Key Principles of Parental Rights:
  • Primary Educators: Parents are the first and foremost teachers of their children in wisdom, stature, and grace, as stated in the Catechism.
  • Inalienable Right: This right to educate isn't granted by the state but is inherent, stemming from their role in conferring life.
  • Choice of School: Parents have the fundamental right to select schools that best support their task as Christian educators, and public authorities must help facilitate this choice without unjust burdens.
  • State's Role: The State must assist families and cannot unjustly claim an educational monopoly, recognizing the public service provided by private and religious schools. 
Parental Duties & Responsibilities:
  • Foster Virtue: Create a home of tenderness, forgiveness, respect, and disinterested service, teaching virtues like prudence, justice, fortitude, and temperance.

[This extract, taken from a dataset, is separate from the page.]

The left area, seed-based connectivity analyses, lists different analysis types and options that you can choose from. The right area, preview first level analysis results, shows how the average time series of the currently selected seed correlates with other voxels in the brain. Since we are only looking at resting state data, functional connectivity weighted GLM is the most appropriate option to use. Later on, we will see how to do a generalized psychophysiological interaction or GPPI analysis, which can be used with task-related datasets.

  • Spiritual Formation: Bring children up in the discipline and instruction of the Lord, teaching them to value spiritual over material things.
  • Provide Example: Parents must give good examples, acknowledge their own failings, and guide children with sound judgment.
  • Cooperation with Schools: Work closely with teachers, respecting their role while ensuring the school complements, not replaces, parental teaching. 
In essence, the Church views the family as the "privileged community" where children grow, and parents are entrusted with a sacred duty, supported by, but not subservient to, societal institutions.